Que faire avec ceux et celles qui mendient ?
Les efforts systématiques que l’on fait pour débarrasser la ville des mendiants de la rue prennent des proportions sérieuses. Les citoyens et la police travaillent de concert avec les philanthropes des deux institutions de secours, le refuge de M. Ouimet et la société de protection des vieillards, des femmes et des enfants.
Un ordre est donné depuis d’arrêter tous les mendiants, ceux qui sont autorisés à mendier ou non, et de les amener devant le chef Legault, qui verra à les faire entrer dans des institutions de secours.
La société nouvelle organisée par l’ex-policier Rivest fera le choix entre les plus méritants, trouvera de l’ouvrage aux miséreux en état de travailler et recevra rue Dorchester les infirmes ou impotents que les hasards de la vie ont jeté sans appui dans les rues de Montréal.

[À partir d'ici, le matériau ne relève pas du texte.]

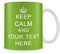 Personalised Keep Calm and Any Name/Text Birthday, Christmas, Secret Santa Coffee Tea Mug Unique 11oz White Ceramic Mug. (Green)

La société nouvelle veut absolument faire disparaître la mendicité de par les rues. Plusieurs marchands ont résolu de payer une contribution hebdomadaire aux fonds de la société s’ils peuvent être débarrassés des quémandeurs innombrables qui assiègent journellement leurs magasins. […]
Plusieurs des mendiants qui inondent nos rues ont fui les institutions de charité quelconques de la ville où ils ne pouvaient s’astreindre [à] la règle plus ou moins sévère qu’il faut suivre dans ces établissements. Naturellement, si ces personnages ont fui la règle des institutions de charité il sera difficile de les y renvoyer attendu qu’ils préfèrent souvent conserver leur liberté en vivotant au jour le jour en parasites, dans quelques bas-fonds de la ville où ils peuvent satisfaire ou leurs penchants ou leurs vices de paresse ou souvent d’ivrognerie.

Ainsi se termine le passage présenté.